Reflexões sobre o limite, o desejo e a lição do tempo

Por Hiran de Melo

Tive um padrinho — Mestre Maçom Afrânio de Aragão, já partiu — que me ensinava uma regra curiosa da vida: “Diga sempre não. Porque é mais fácil, depois de pensar bem, transformar um não em sim do que o contrário”.

Na época, eu não compreendia o alcance desse ensinamento. Mas hoje percebo que os “nãos” e os “sins” da infância — os limites e as permissões — são os primeiros tijolos da construção interior. São eles que moldam o nosso modo de desejar, de obedecer, de resistir. Mais tarde, voltam em forma de reflexão, e às vezes até de busca por entendimento.

Recentemente vi um vídeo: vizinhos discutindo, gritos, intolerância. Tudo começou por causa de um ruído — talvez involuntário, talvez não. E percebi: ninguém foi preparado para receber um não.

Desde cedo, aprendemos apenas a obedecer — à voz da família, da escola, da autoridade.

Mas o que acontece quando essa autoridade desaparece?

Como agir quando estamos entre iguais — sem hierarquia, sem medo, apenas com o espelho do outro diante de nós?

É aí que a disciplina de outrora perde seu sentido. E nasce a necessidade de compreender, não de impor.

Fala-se muito em “ressignificar”, mas talvez isso só se aplique às sociedades em que a disciplina foi imposta sem alma, sem tradição.

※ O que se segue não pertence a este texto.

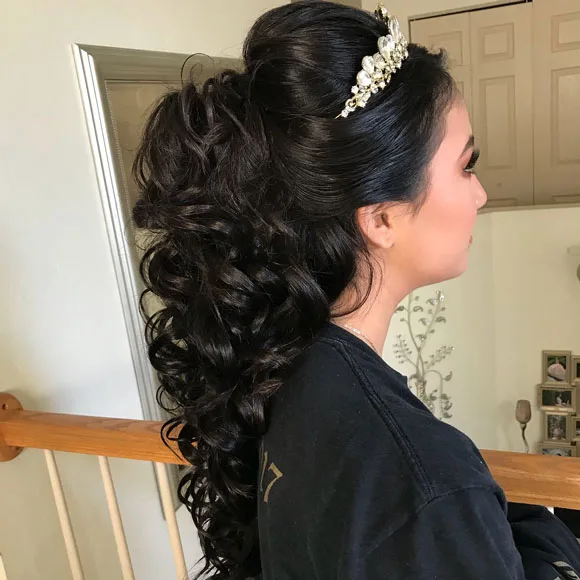 The half up half down hairstyle for quinceanera damas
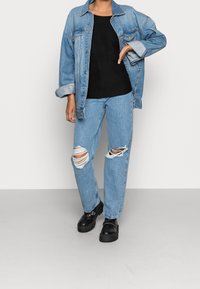 Jasnoniebieska kurtka dżinsowa, czarny podkoszulek z prążkowanej tkaniny, jasnoniebieskie dżinsy z przetarciami i czarne buty na platformie; swobodny, ogólny wygląd.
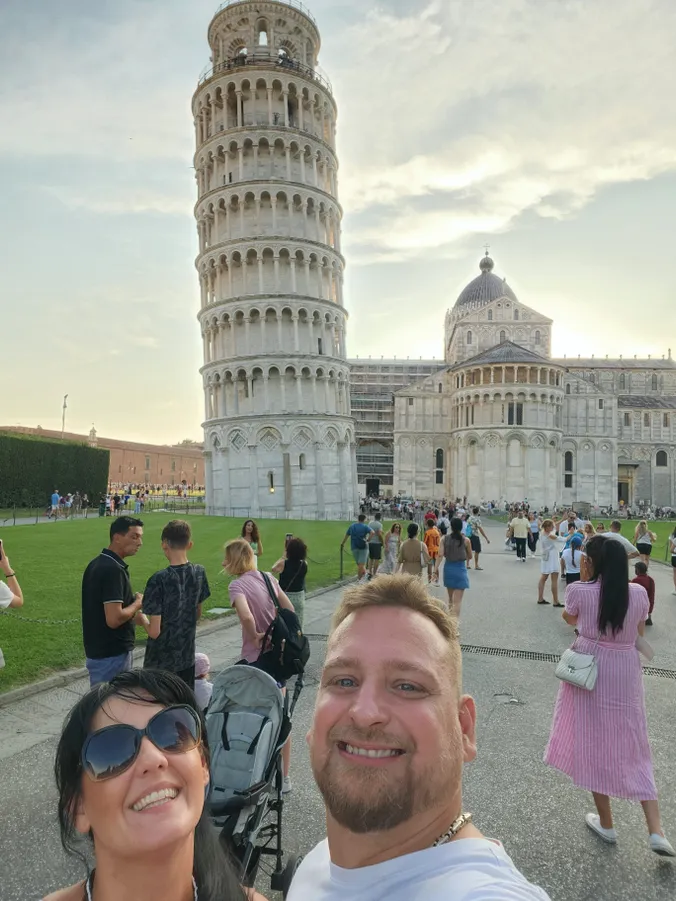 olaszországi nászúton lévő pár a pisai ferde torony előtt szelfizik.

Nos povos em que o respeito é natural — parte viva da cultura — o sentido dos gestos e das palavras já está firmado no coração. Não há o que reinventar.

Quando a maturidade chega, o dilema muda de nome, mas é o mesmo: seguiremos o caminho da segurança ou o da satisfação do desejo?

E como já se disse — a causa do nosso desejo sempre escapa à razão. É nesse mistério que mora a inquietação humana, e talvez também sua beleza.

No fim, o tempo nos devolve os conselhos que não ouvimos. E então, com um sorriso que mistura arrependimento e sabedoria, dizemos a nós mesmos: “Eu teria amado mais. Teria me entregado mais. Teria ouvido mais...”.

Mas o futuro do pretérito nunca se realiza.

O que resta é o aprendizado — e o testemunho de quem tenta transformar o “teria” em “ainda posso”.